Development of a Chemometric Platform for Mid-Infrared Fermentation Monitoring

Industrial bioprocess development still depends heavily on off-line analytics such as HPLC, which, while accurate, are slow and limit real-time decision-making. Process Analytical Technologies (PAT) can overcome this barrier, with mid-infrared spectroscopy (mIR) offering faster, more sensitive, and cost-effective monitoring than near-infrared approaches. Yet, most applications rely on complex chemometric tools such as Partial Least Squares (PLS), restricting adoption by non-specialists and limiting systematic evaluation of data sources.Here, we present a streamlined platform for rapid spectral analysis and chemometric model construction to monitor glucose consumption and citramalic acid production during continuous E. coli fermentations. The workflow integrates baseline correction, optimal wavenumber region selection, and correlation of solute concentrations with the area-under-the-curve (AUC), enabling straightforward model generation without advanced statistical expertise.Comparative evaluation across pure solutions, synthetic mixtures, and fermentation broths revealed continuous cultures as the most robust calibration dataset.
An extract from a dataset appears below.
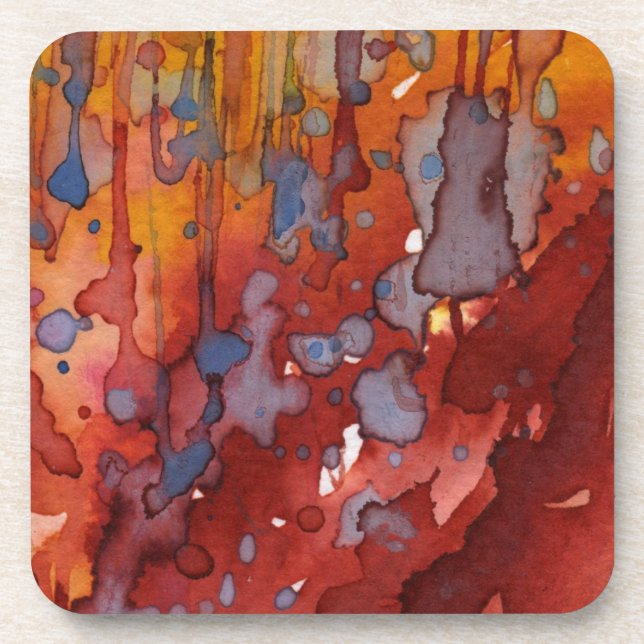 Hintergrund Wasserfarbe 7 Untersetzer (Vorderseite)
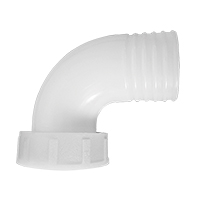 Lalizas 197065 - Thru-Hull 1 1/2'' Elb. 90ºFemConn.f/Hose Ø40mm, White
While the baseline/AUC method showed slightly higher mean absolute error (~ 0.65 g L⁻¹) than PLS, it provided accurate, accessible, and fast predictions consistent with HPLC values. This study demonstrates a practical and user-friendly mIR-based platform/methodology that lowers technical barriers to PAT implementation, accelerating adoption of real-time monitoring in industrial continuous bioprocesses.